Write out each record exactly as it stands. No pictures belong in the copy.

Source records »
---+---

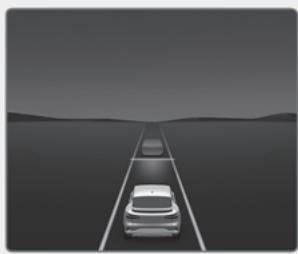 Genesis GV60 (2021-2025) - Modes d'affichage - 2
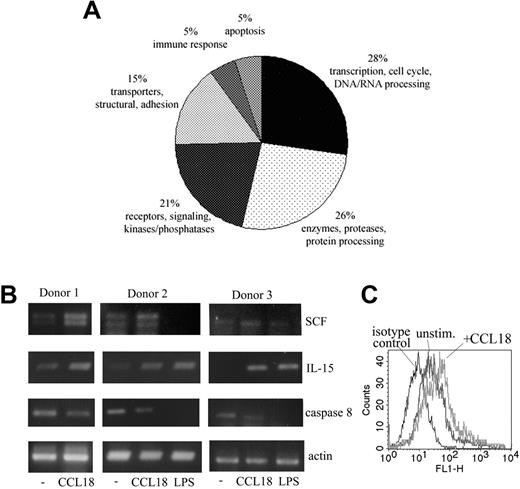 Figure 3. Differential gene expression in cultured monocytes/macrophages stimulated with CCL18. (A) Monocytes cultured for 3 days were stimulated with 40 nM CCL18 (or PBS control) for 3.5 hours. Differential gene expression was detected using cDNA arrays from the Stanford functional genomics facility, as described in “Gene array analysis and RT-PCR.” The 100 genes of known function with the greatest differential expression were plotted on a pie chart divided into protein classes. Results of the gene array analysis are provided as supplemental material (Table S1, available on the Blood website; see the Supplemental Figures link at the top of the online article). (B) To verify gene array results, semiquantitative RT-PCR was performed with primers for SCF, IL-15, caspase-8, and actin as a household gene. Samples were prepared as described in panel A. In donors 2 and 3, LPS (100 ng/mL) was used as a known stimulus for monocytes. (C) Detection of IL-15 on cultured monocytes by FACS. Surface expression of IL-15 was detected by FACS in monocytes stimulated with CCL18 for 4 hours. Mean fluorescence channel increased from 63 in unstimulated cells to 118 in CCL18-stimulated cells. Results of 1 of 3 representative experiments are shown.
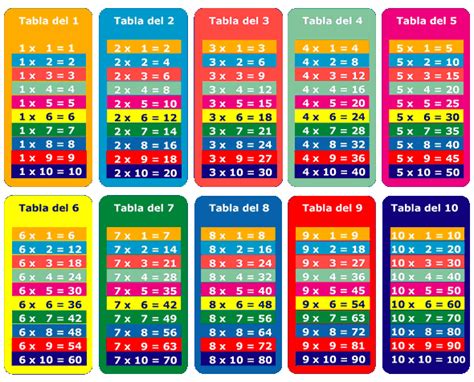 Imagenes Tablas De Multiplicar Del 1 Al 10 New Calendar Template Site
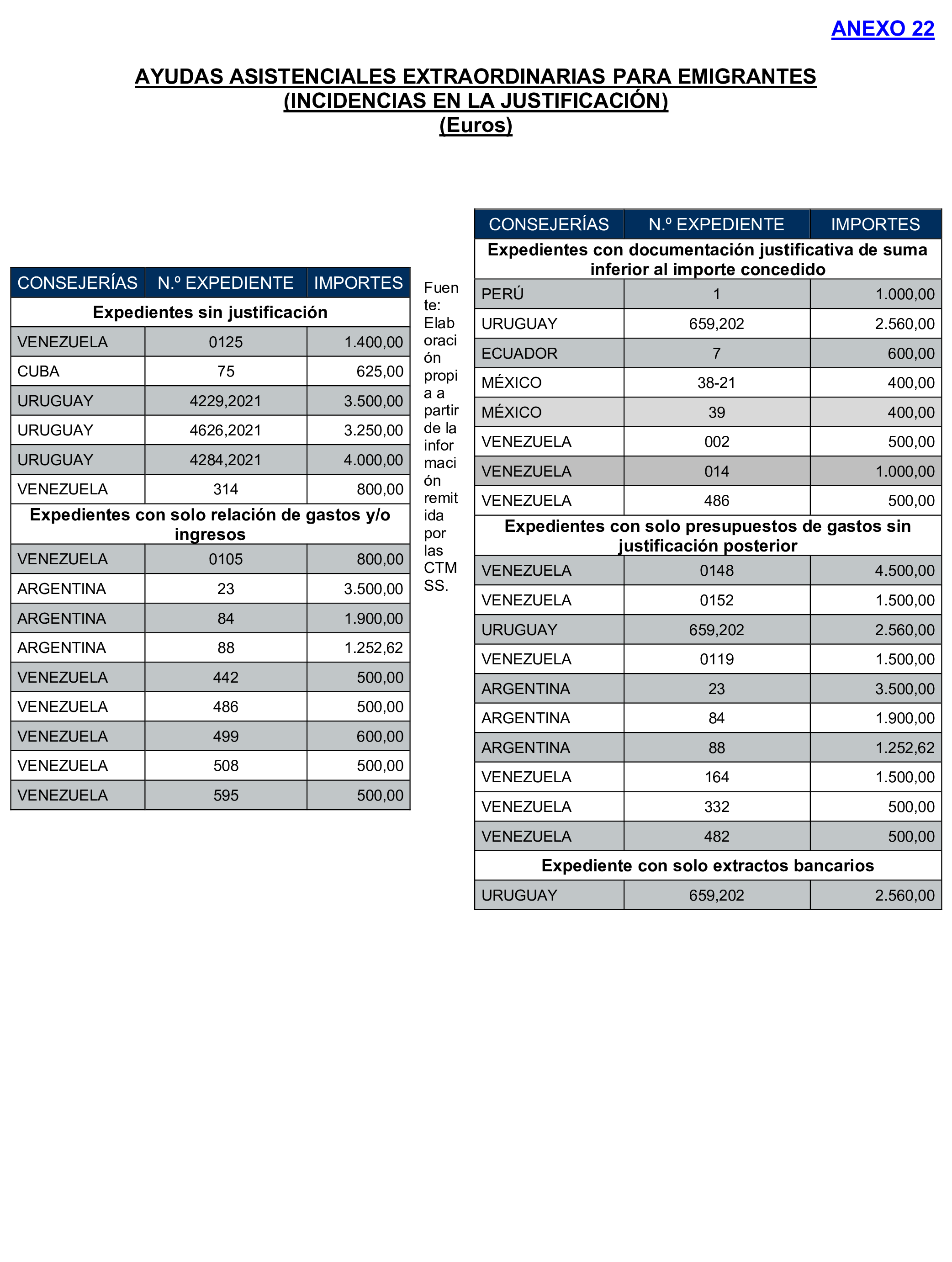 Imagen: /datos/imagenes/disp/2024/289/25004_15058485_85.png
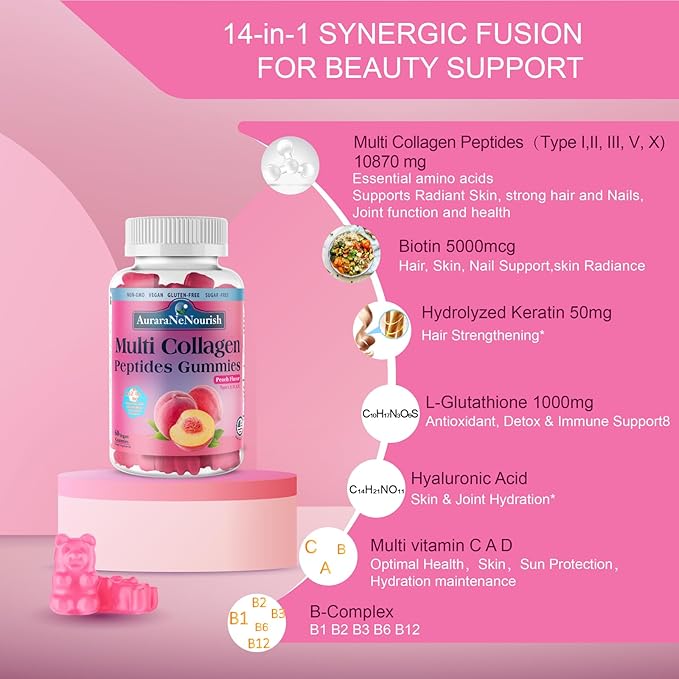 2 Pack Multi Collagen Peptides Peach Gummies &amp Nicotinamide Riboside Gummies Sugar-Free for Women Men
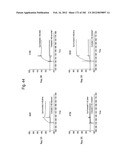 METHOD OF TREATMENT OF NEURODEMENTING DISEASES USING ISOLATED, MONOCLONAL,     HUMAN, ANTI-B-AMYLOID ANTIBODY diagram and image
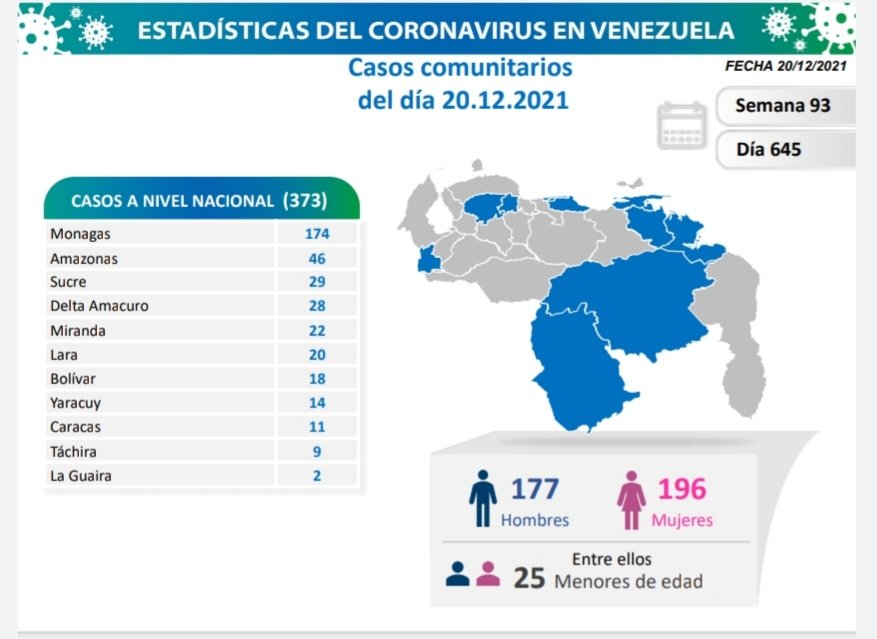 Casos de Coronavirus en Venezuela - Casos de Coronavirus en Venezuela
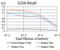 Tyrosine-protein phosphatase non-receptor type 6 antibody, abx224239, Abbexa, Enzyme Linked Immunosorbent Assay image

---+---

Exercise output »
 Genesis GV60 (2021-2025) - Modes d'affichage - 2
 Figure 3. Differential gene expression in cultured monocytes/macrophages stimulated with CCL18. (A) Monocytes cultured for 3 days were stimulated with 40 nM CCL18 (or PBS control) for 3.5 hours. Differential gene expression was detected using cDNA arrays from the Stanford functional genomics facility, as described in “Gene array analysis and RT-PCR.” The 100 genes of known function with the greatest differential expression were plotted on a pie chart divided into protein classes. Results of the gene array analysis are provided as supplemental material (Table S1, available on the Blood website; see the Supplemental Figures link at the top of the online article). (B) To verify gene array results, semiquantitative RT-PCR was performed with primers for SCF, IL-15, caspase-8, and actin as a household gene. Samples were prepared as described in panel A. In donors 2 and 3, LPS (100 ng/mL) was used as a known stimulus for monocytes. (C) Detection of IL-15 on cultured monocytes by FACS. Surface expression of IL-15 was detected by FACS in monocytes stimulated with CCL18 for 4 hours. Mean fluorescence channel increased from 63 in unstimulated cells to 118 in CCL18-stimulated cells. Results of 1 of 3 representative experiments are shown.
 Imagenes Tablas De Multiplicar Del 1 Al 10 New Calendar Template Site
 Imagen: /datos/imagenes/disp/2024/289/25004_15058485_85.png
 2 Pack Multi Collagen Peptides Peach Gummies &amp Nicotinamide Riboside Gummies Sugar-Free for Women Men
 METHOD OF TREATMENT OF NEURODEMENTING DISEASES USING ISOLATED, MONOCLONAL,     HUMAN, ANTI-B-AMYLOID ANTIBODY diagram and image
 Casos de Coronavirus en Venezuela - Casos de Coronavirus en Venezuela
 Tyrosine-protein phosphatase non-receptor type 6 antibody, abx224239, Abbexa, Enzyme Linked Immunosorbent Assay image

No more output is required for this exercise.